These 7 sins aren’t just deadly on social media: Attention, news websites

The Seven Deadly Sins by Pieter Bruegel the Elder.

The Seven Deadly Sins by Pieter Bruegel the Elder.

Steph Parker posted “The 7 new deadly sins of social media” on Socialmedia Today this month. A lot of good advice packed into a relatively short post:

Misappropriation

Just because something happens doesn’t mean you have to take advantage of it for your brand. There’s a difference between being clever and being annoying, and forcing the royal baby into your content schedule for the sake of a post is spammy, not clever. An example? The summer’s weirdest trend: Hot Dogs, or Legs? Brands that sell hot dogs jumped in, and that made sense because, well, they sell hot dogs. Brands selling outdoor gear, on the other hand? A less clear connection that looks like a desperate plea for engagement. The saying that any content is good content is false. Keep it grounded in your brand’s footprint.

Her six other sins: Abandonment, Manipulation, Ignorance, Monotony, Narcissism and Uniformity. Please, read her original post for the details.

As you can tell from the sample, the list is aimed largely at marketers. The lessons apply to newsrooms, too, and not just in regard to social media. More and more, the line between social media and news media is thinning, and what works or doesn’t on one side does the same on the other.

Take her point about misappropriation.

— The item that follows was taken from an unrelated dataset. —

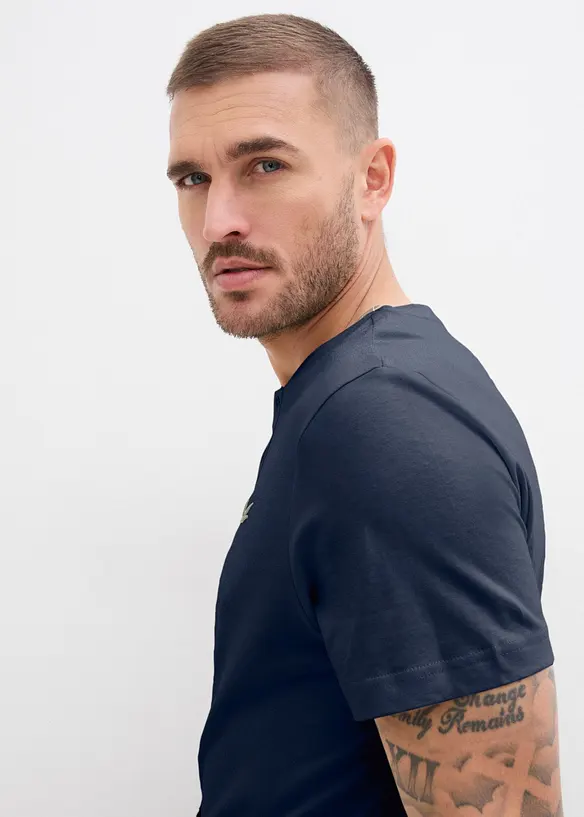 Maglia serafino in puro cotone biologico (pacco da 3), bonprix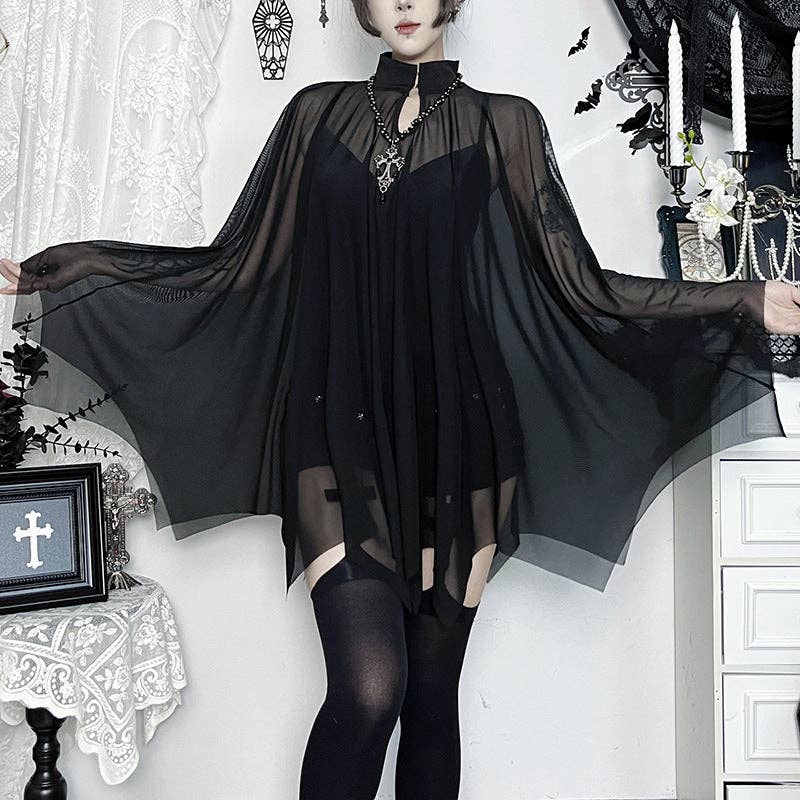 Black Camisole Playsuit With Mesh Cape Trendy Party Outfit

I wonder if the same argument wouldn’t apply to local news sites that try for cheap clicks by chasing after celebrity stories. It’s one thing to aggregate a roundup of the day’s gossip, so users can feel they’re in the know. But what about instapolls on some actor’s arrest? At what point do you start to weaken your position as a local news source?

And, of course, Abandonment (“when a post has been made … but then the brand drops re-engagement completely”) touches on one of my grievances, the lack of engagement by newsrooms with their readers. That abandonment becomes even more egregious when a site specifically calls for engagement — asking for photos, soliciting questions — and then doesn’t follow up. Only slightly better is when something like a request for questions about a news story is followed up not by the reporters and editors who know the topic, but by a specially designated engagement apparatchik.

Monotony means “identifying a passion point for your audience … but beating it to death.” Listen up, newsroom sports editors. Yes, fans will probably read any old thing you post — for awhile. But in the long run, is it a successful strategy to churn 18 stories out of, say, a trade that isn’t made — when you don’t have anything to say but you say it anyway, and then poll about it?